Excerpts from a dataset
▶

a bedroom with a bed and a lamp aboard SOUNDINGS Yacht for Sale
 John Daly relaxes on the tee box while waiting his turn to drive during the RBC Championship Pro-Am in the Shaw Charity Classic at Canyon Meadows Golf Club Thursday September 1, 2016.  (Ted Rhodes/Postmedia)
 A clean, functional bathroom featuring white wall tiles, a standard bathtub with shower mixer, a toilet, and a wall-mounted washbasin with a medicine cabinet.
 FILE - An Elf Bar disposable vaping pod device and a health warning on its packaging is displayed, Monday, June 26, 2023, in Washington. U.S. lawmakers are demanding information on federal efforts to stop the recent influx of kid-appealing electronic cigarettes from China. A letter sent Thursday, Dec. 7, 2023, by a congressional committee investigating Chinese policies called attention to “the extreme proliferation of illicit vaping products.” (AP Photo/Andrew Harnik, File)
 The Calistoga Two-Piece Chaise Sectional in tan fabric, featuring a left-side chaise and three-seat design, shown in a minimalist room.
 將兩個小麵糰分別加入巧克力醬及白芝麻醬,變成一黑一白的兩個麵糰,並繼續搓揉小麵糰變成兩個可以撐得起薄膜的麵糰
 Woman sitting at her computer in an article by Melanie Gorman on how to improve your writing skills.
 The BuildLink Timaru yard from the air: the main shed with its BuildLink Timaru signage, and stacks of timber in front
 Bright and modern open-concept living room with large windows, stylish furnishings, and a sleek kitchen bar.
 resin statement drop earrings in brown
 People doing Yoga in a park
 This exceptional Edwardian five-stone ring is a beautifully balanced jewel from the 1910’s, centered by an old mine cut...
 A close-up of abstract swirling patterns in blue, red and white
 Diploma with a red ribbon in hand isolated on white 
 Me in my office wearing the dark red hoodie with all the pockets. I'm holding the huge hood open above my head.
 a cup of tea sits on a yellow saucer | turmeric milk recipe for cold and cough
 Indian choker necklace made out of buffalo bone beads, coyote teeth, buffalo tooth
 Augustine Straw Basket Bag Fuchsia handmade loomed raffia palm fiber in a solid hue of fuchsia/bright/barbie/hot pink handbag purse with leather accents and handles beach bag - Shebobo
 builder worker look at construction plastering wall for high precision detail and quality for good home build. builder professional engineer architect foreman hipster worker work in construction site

◀

Check every line above for the string "wall", and copy the ones that have it.

**RESULT OF THE TASK**
 A clean, functional bathroom featuring white wall tiles, a standard bathtub with shower mixer, a toilet, and a wall-mounted washbasin with a medicine cabinet.
 builder worker look at construction plastering wall for high precision detail and quality for good home build. builder professional engineer architect foreman hipster worker work in construction site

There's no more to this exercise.